The fire is the special symbol of divine holiness as directed against sin,—wrath burning against the sinner. Why does it not consume? Because of the blood—the blood of the sacrifice. It is the blood alone that prevents the fire from destroying. The fire is not quenched; it burns; but it does not consume. The blood makes the sinner impervious to the devouring flame.

Burning, yet not consumed! Holy wrath raging in the midst of a handful of leaves, yet not a leaf touched! Let us consider this.

I. In Christ Himself. On Him the divine wrath came down in power. "Thy wrath lieth hard upon me." It was this wrath that produced the agony of Gethsemane, and the outcry on the cross. Under that wrath He dies but He rises again, "by the blood of the everlasting covenant" (Hebrews 13:20). With His own sacrificial blood he met the Father's wrath against sin, and satisfied his righteousness and holiness. The full wrath came; and on the cross He bore it all. He was made sin for us; He was made a curse for us; the cup which was filled for us was drained by Him, nay, turned for us into the cup of blessing. It is with propitiated holiness that the sinner has now to do.

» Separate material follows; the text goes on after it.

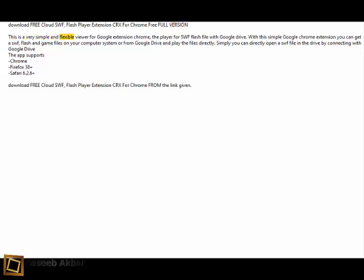This is a very simple and flexible viewer for Google Extension Chrome, the player for SWF Flash file with Google Drive.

II. In Israel. Again and again has Israel been under wrath. The wrath of God has waxed hot against them, and He would have consumed them; but the blood which speaketh better things than that of Abel pleaded for them, and pleadeth still. It still stays the wrath. It still prevents the fire from destroying the chosen nation. How often in that very desert was Israel like that desert bush, enveloped in flame, ready to be consumed. "Let me alone that my anger may wax hot against them." Yet Israel lives on—unconsumed—immortal—ever in the fire, or the fire in her, yet still imperishable-beloved for the fathers' sakes, and preserved by the better blood of the nobler victim.

III. In the church. I do not speak of the nominal or visible church; I speak of the true church, and of the searching fire which a holy God has often let loose against her. I cannot call it the wrath of God in her case; it has been the wrath of man; yet it has been permitted of God; and it has tried, and searched, and sifted, and refined—but not consumed. The church's motto is, Nec tamen consumebatur: Burning, yet unconsumed. She has age after age been cast into the furnace, but has been unhurt.

IV. The earth. The curse has been upon the earth for man's sin; God's wrath rests upon creation, so that it groans. Nothing but this wrath could produce such a state of things as we see over all the earth. Earth seems ever ready for the devouring fire; it will ere long be set on fire; but it will not be consumed. It will emerge more beautiful and perfect: a new earth, wherein dwelleth righteousness. And what shall prevent its consumption? The blood shed on Calvary,—the blood of the great Sacrifice,—that alone. It is to that blood that man and man's earth owe not only present deliverance from wrath, but future glory.

V. The saint. Each redeemed soul is a brand plucked out of the fire at first; and his daily life is like that of the apostle, "as dying, yet behold we live"; troubled, oppressed, persecuted, yet not forsaken; cast down, but not destroyed. He is ever in the furnace, yet the fire consumes not. This is the daily life of all who follow Christ. Through much tribulation they enter the kingdom. In a sense, we drink of the cup which He drank of; we fill up that which is behind of the afflictions of Christ.

O sinner! what is to be thy doom? The fire without the saving blood! Fire, wrath, everlasting burnings without help or remedy. By the fire and by the blood we beseech you to flee from the wrath to come!